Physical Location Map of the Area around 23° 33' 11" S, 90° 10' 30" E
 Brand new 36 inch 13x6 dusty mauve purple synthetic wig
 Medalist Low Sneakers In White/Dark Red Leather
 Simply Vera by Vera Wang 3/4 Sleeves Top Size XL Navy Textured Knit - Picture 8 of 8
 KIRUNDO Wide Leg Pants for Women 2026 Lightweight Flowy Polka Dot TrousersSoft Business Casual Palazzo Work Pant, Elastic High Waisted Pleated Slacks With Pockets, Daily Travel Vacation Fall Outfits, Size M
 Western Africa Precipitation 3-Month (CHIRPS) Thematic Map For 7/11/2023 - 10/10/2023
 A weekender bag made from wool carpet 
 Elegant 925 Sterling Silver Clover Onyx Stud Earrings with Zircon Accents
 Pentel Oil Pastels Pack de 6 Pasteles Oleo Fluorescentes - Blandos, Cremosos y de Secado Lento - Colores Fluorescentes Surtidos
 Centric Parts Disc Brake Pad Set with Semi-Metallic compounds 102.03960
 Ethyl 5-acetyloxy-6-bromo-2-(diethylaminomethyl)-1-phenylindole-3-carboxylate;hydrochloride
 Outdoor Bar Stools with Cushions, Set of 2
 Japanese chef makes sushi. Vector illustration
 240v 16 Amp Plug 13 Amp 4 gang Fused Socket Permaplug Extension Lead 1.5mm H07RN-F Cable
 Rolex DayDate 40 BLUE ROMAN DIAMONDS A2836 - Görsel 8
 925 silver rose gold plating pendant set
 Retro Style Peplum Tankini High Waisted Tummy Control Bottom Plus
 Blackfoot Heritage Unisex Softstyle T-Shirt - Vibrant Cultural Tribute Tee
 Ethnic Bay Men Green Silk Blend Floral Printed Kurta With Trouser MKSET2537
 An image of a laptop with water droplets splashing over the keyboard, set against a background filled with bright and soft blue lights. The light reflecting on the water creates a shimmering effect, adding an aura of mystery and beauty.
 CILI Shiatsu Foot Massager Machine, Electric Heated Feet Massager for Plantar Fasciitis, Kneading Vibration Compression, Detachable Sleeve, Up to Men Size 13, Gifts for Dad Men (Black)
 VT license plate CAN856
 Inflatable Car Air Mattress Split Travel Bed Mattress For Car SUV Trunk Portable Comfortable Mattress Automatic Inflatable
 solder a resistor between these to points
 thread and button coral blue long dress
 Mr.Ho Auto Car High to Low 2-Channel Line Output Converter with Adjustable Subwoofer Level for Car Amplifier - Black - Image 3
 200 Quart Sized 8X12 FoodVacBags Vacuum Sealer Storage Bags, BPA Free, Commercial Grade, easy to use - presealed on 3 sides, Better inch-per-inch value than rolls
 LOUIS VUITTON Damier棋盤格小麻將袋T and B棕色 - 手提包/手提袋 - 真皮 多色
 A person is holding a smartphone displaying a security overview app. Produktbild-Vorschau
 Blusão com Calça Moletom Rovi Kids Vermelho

---

- WHAT THE TASK ASKS
When the entries above show the word "Waisted" in a line, copy that line out.

- TASK RESULT
 KIRUNDO Wide Leg Pants for Women 2026 Lightweight Flowy Polka Dot TrousersSoft Business Casual Palazzo Work Pant, Elastic High Waisted Pleated Slacks With Pockets, Daily Travel Vacation Fall Outfits, Size M
 Retro Style Peplum Tankini High Waisted Tummy Control Bottom Plus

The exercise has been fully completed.